→ **Exercise aim**: Retype the lines of the material below, exactly and only, from the one containing "Watercolor Kim Kardashian" through the last line, with pictures left out.

══════

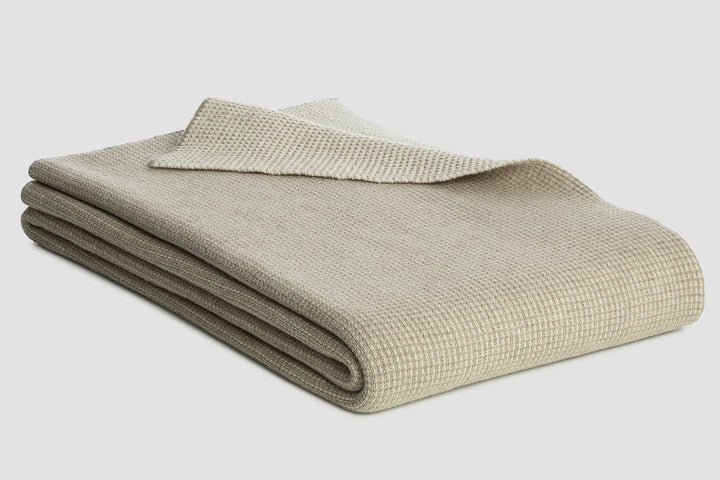 Bemboka Cotton Throws Wheat/Sand Bemboka Reversible Box Knitted Weight Throws Bemboka Reversible Box Knitted Weight Throws I Luxury Comfort Bedding  Brand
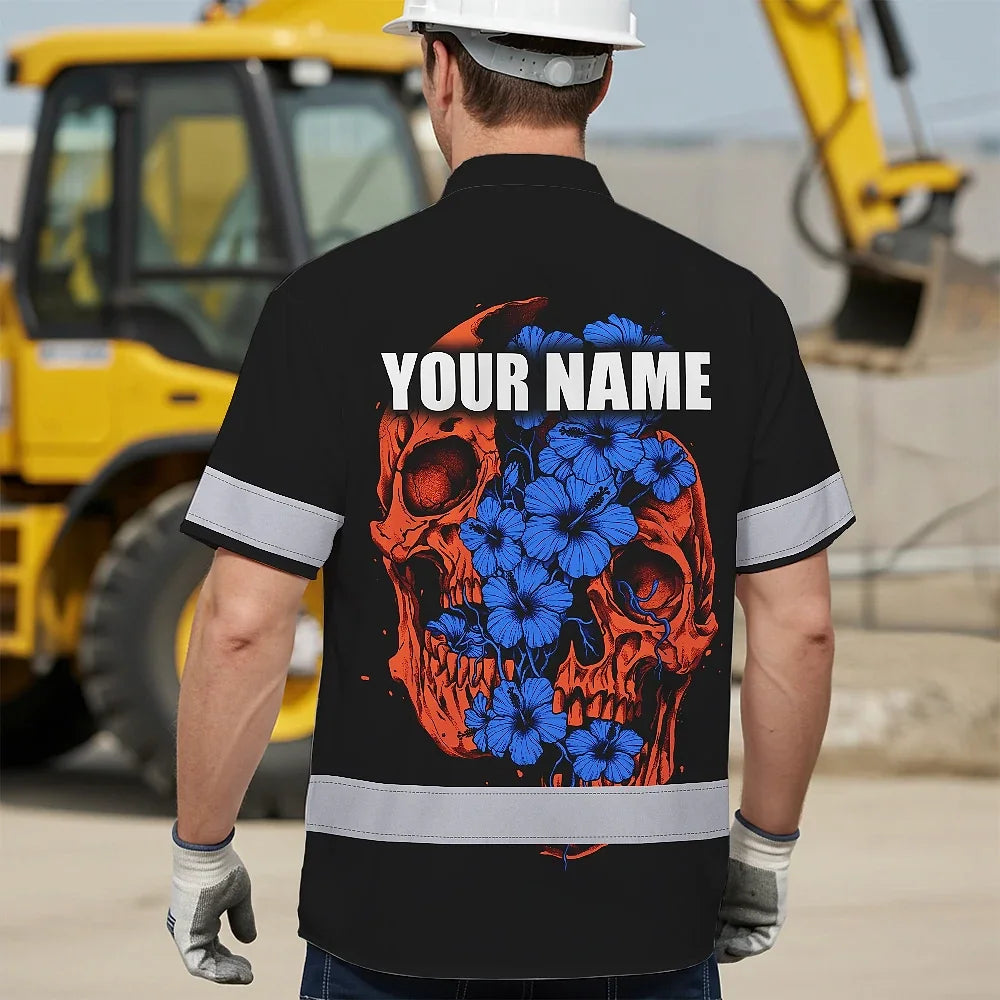 Hi Vis Hawaiian Shirt Reflective Tapes Orange Blue Neon Skull Custom Name Safety Workwear For Workers, Truckers, Operators
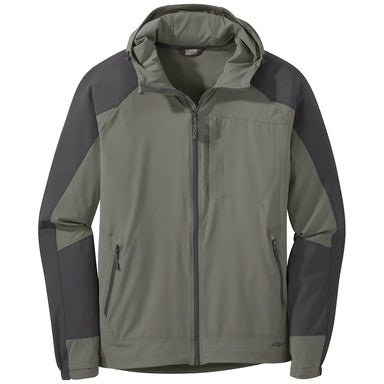 Outdoor Research Men's Ferrosi Hooded Jacket in pewter & storm, flat front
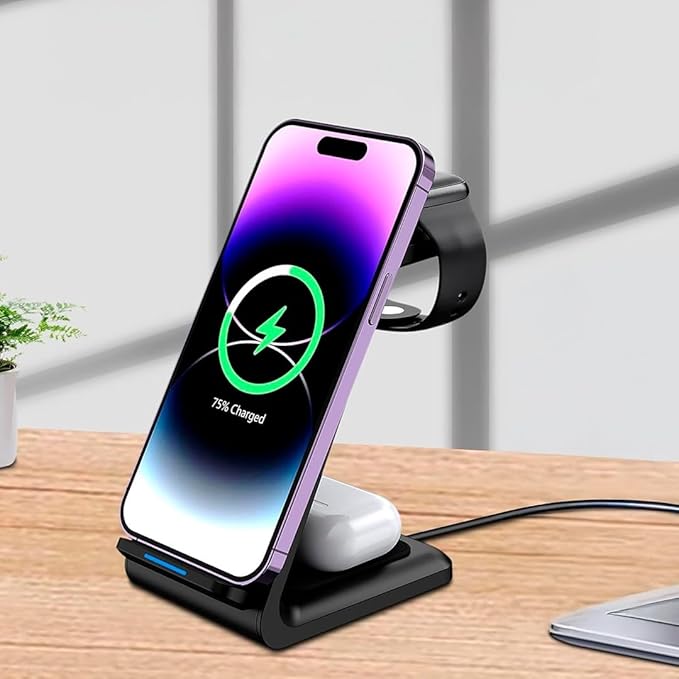 LUNOX 3 in 1 Magnetic Wireless Charger Foldable Fast Charging Station USB-C Portable Charging Stand for Smartphone Smartwatch and Earbuds Compact Desk and Travel Charger Black &amp White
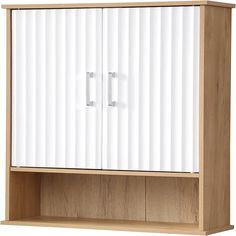 a wooden cabinet with white blinds on the top and bottom panel, in front of a white background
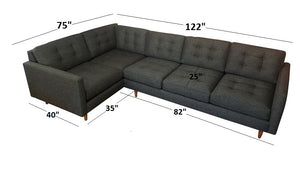 San Diego 2pc Sectional Right Facing 122"W x 75"L
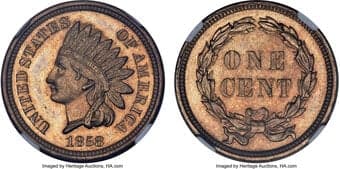 Patterns 1858 P1C Indian Cent, Judd-208, Pollock-259, R.1, PR65 NGC. There are four notable subvarieties of Judd-208....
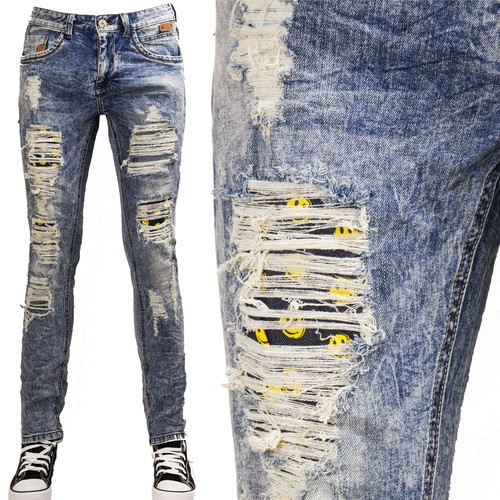 Jeans UOMO pantaloni denim strappi casual SMILE emoticons slim nuovi AD6851  | eBay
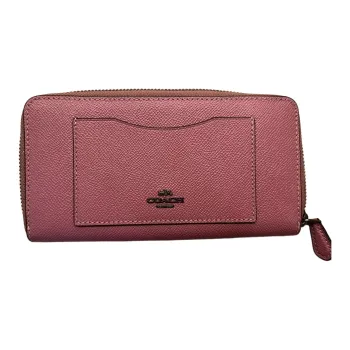 COACH Accordion Zip Leather Wallet Trumpets Women's Bronze & Pink Rose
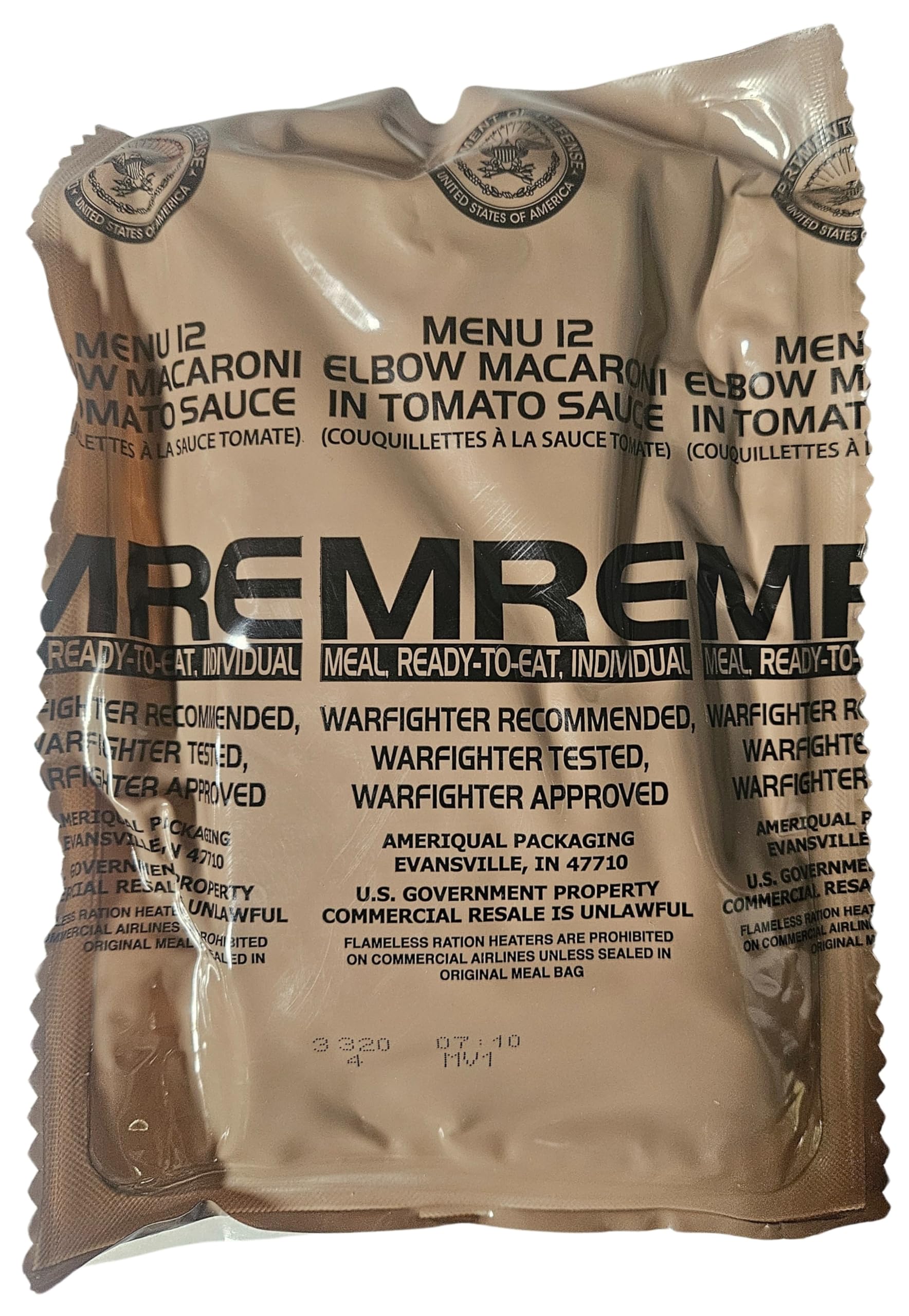 Genuine USGI MRE [Meal, Ready to Eat] Inspection Date 01/2026 or Newer [New Packaging] - You Choose Menu Ration with Entree, Snacks, Dessert, Drink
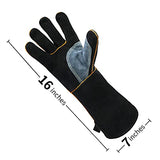 Gongyi Guantes de piel para parrilla de 16 pulgadas, resistentes al calor/al fuego para forja/fundición/fusión/Mig/Stick Guantes de soldadura para horno, parrilla, chimenea, horno, estufa, soporte para ollas, soldador Tig, barbacoa, guante de manipulación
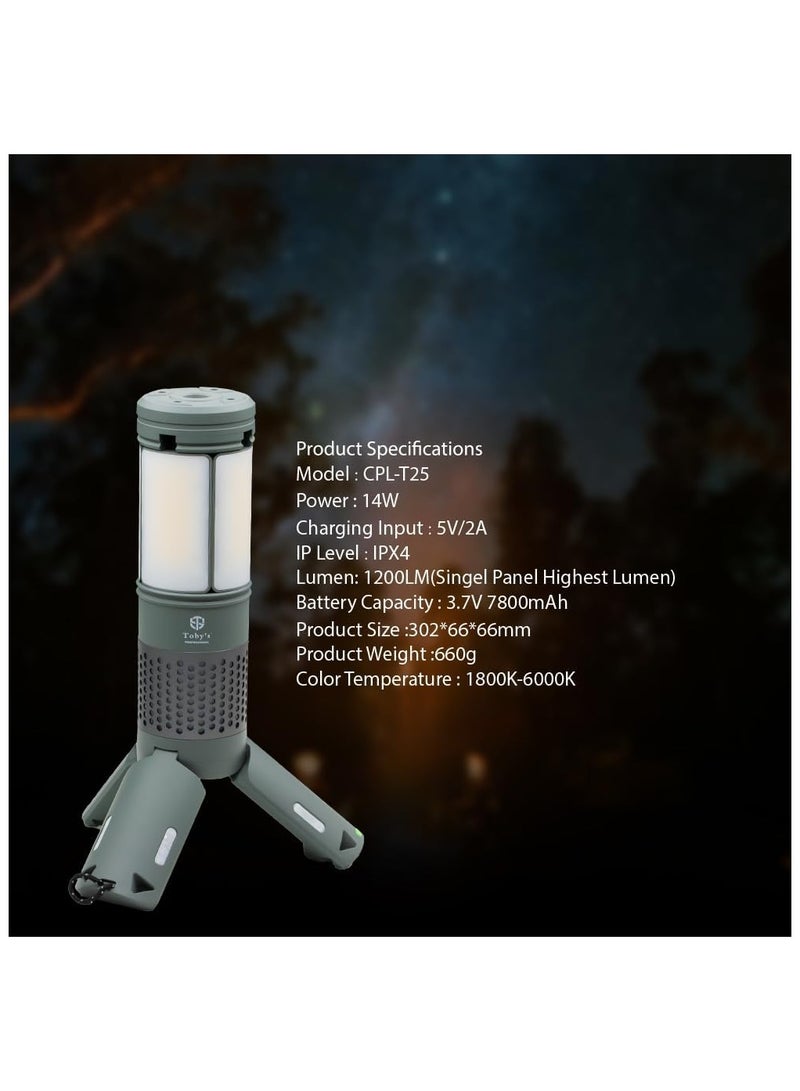 توبيز مصباح التخييم الخارجي CPL-T25 من توبي، قابل لإعادة الشحن ببطارية 7800 مللي أمبير، ارتفاع وسطوع قابلان للتعديل، 4800 لومن، مقاوم للماء IPX4، 3 أوراق إضاءة و4 ألوان مختلفة للتخييم والسفر وصيد الأسماك - Image 4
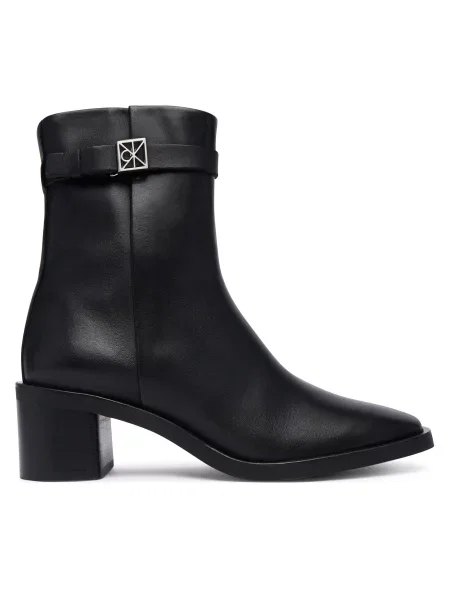 Botine Calvin Klein Block Heel Ank Boot Lth Hdw negru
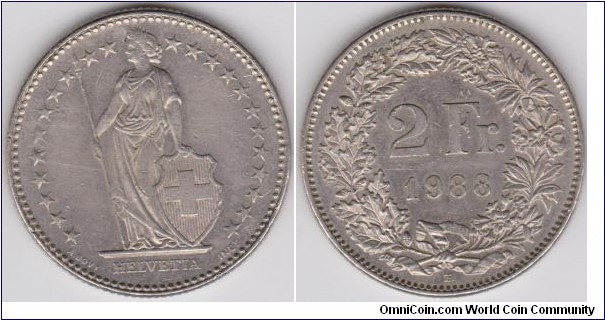 1988 Switszerland 2 Fr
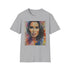 Watercolor Kim Kardashian charcoal t-shirt with crew neck and regular fit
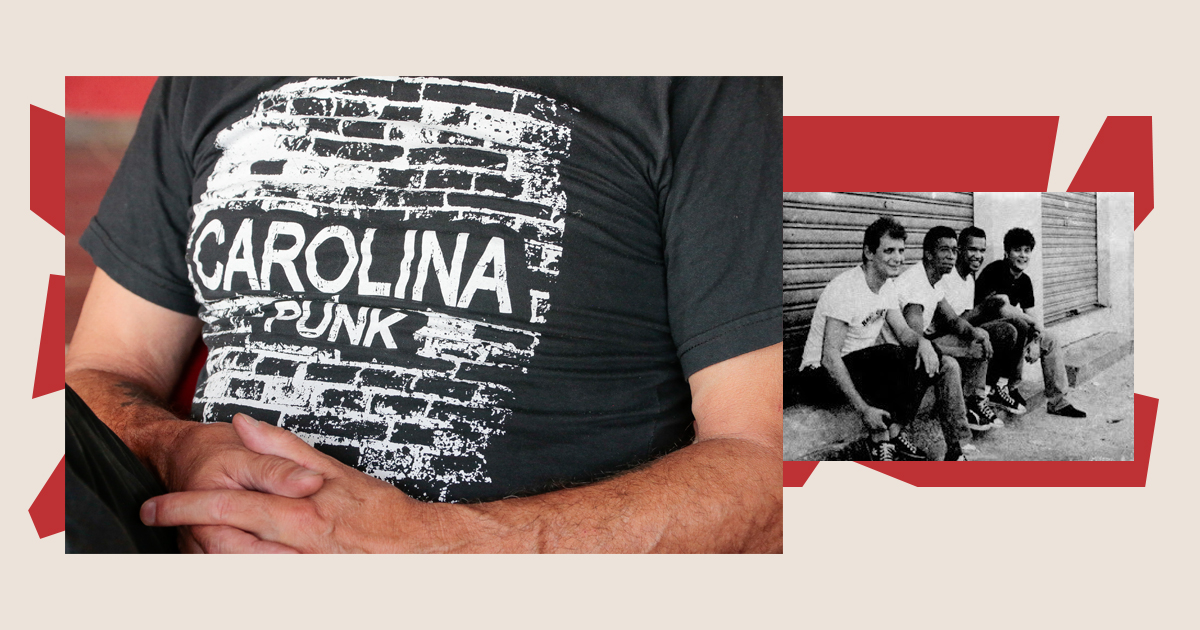 Foto da banda Restos de Nada (Ariel, Charles, Clemente e Douglas Viscaino) / Camisa "Carolina Punk" - Fotos: Marcos Santos/USP Imagens e Reprodução/Acervo pessoal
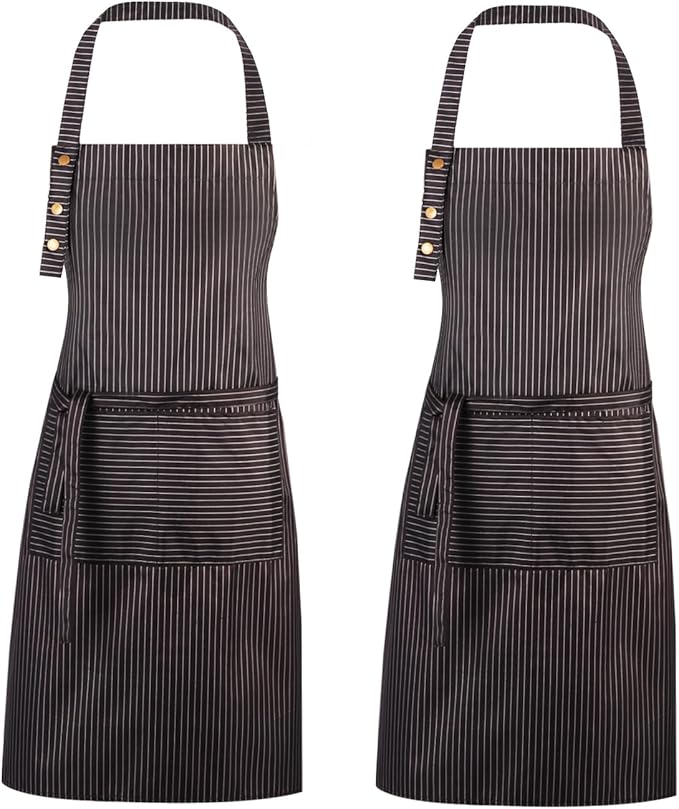 Adjustable Bib Apron Waterdrop Resistant with 2 Pockets Cooking Kitchen Aprons for Women Men Chef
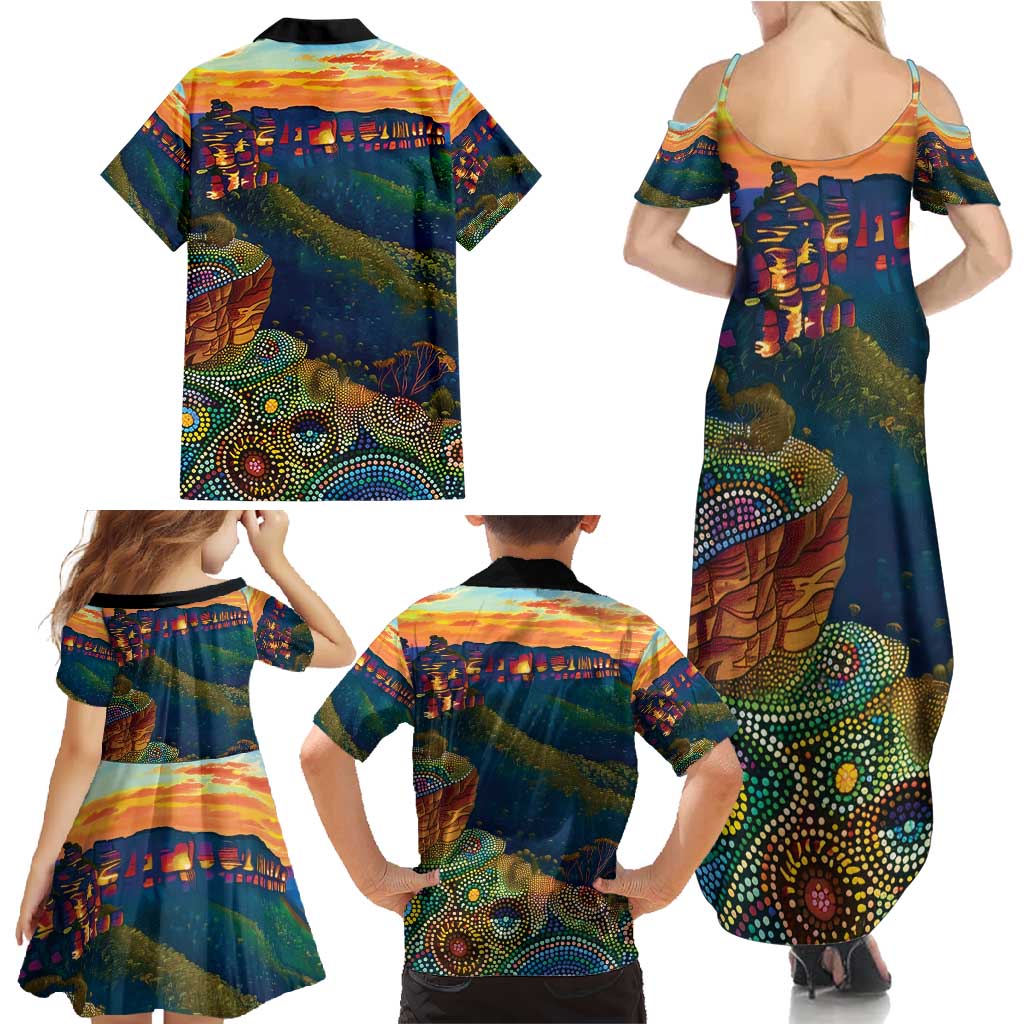 Australia Blue Mountains Family Matching Summer Maxi Dress and Hawaiian Shirt Aboriginal Dot Painting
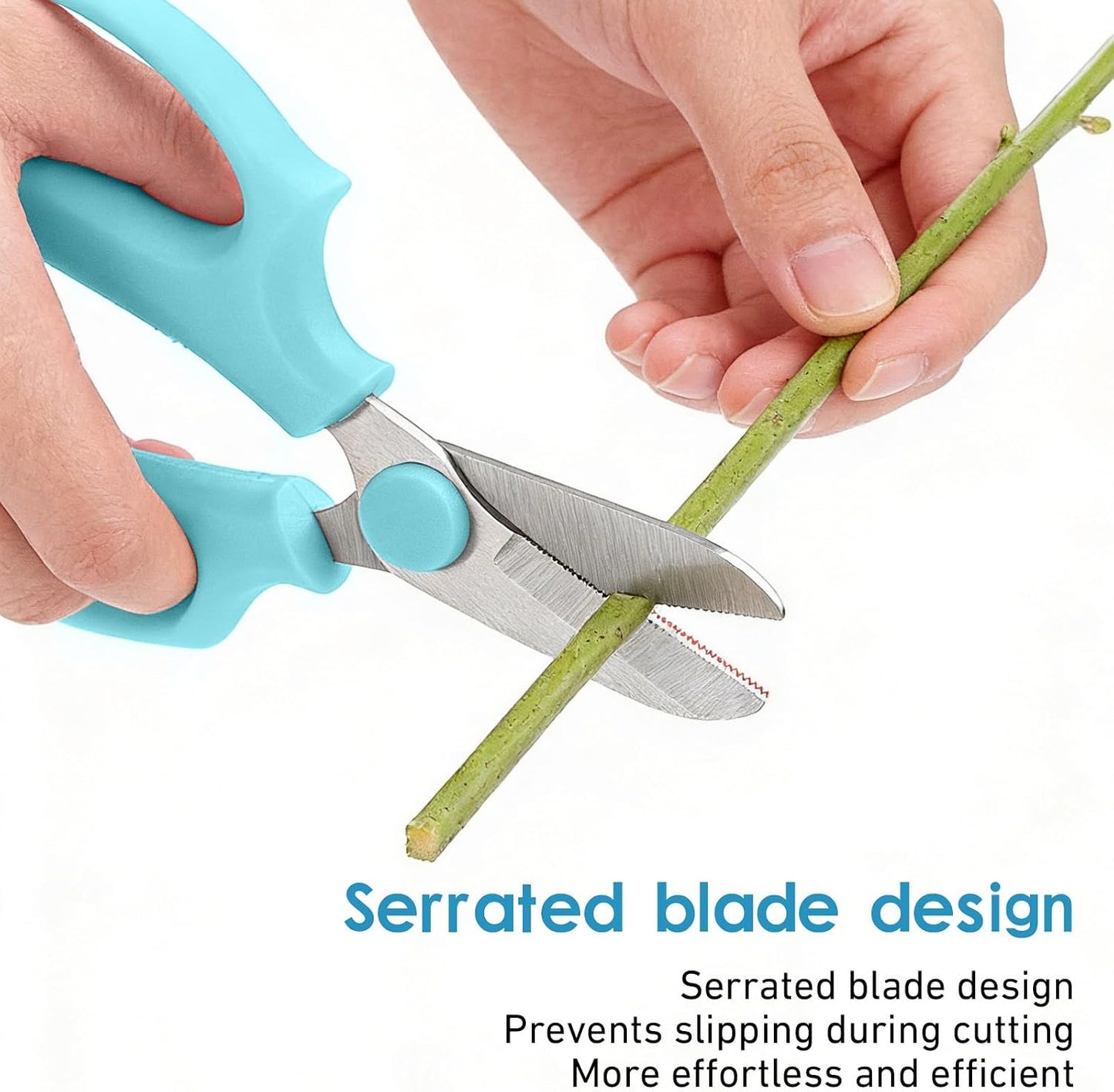 13Pcs Garden Flower Scissors,Includes 8 Floral Tapes Premium Stainless Steel Floral Shears Ergonomic Wide Grip for Cutting Fresh Flowers for Cutting Fresh Flowers, Florist Supplies(Light Blue)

══════

→ **Finished task**:
 Watercolor Kim Kardashian charcoal t-shirt with crew neck and regular fit
 Foto da banda Restos de Nada (Ariel, Charles, Clemente e Douglas Viscaino) / Camisa "Carolina Punk" - Fotos: Marcos Santos/USP Imagens e Reprodução/Acervo pessoal
 Adjustable Bib Apron Waterdrop Resistant with 2 Pockets Cooking Kitchen Aprons for Women Men Chef
 Australia Blue Mountains Family Matching Summer Maxi Dress and Hawaiian Shirt Aboriginal Dot Painting
 13Pcs Garden Flower Scissors,Includes 8 Floral Tapes Premium Stainless Steel Floral Shears Ergonomic Wide Grip for Cutting Fresh Flowers for Cutting Fresh Flowers, Florist Supplies(Light Blue)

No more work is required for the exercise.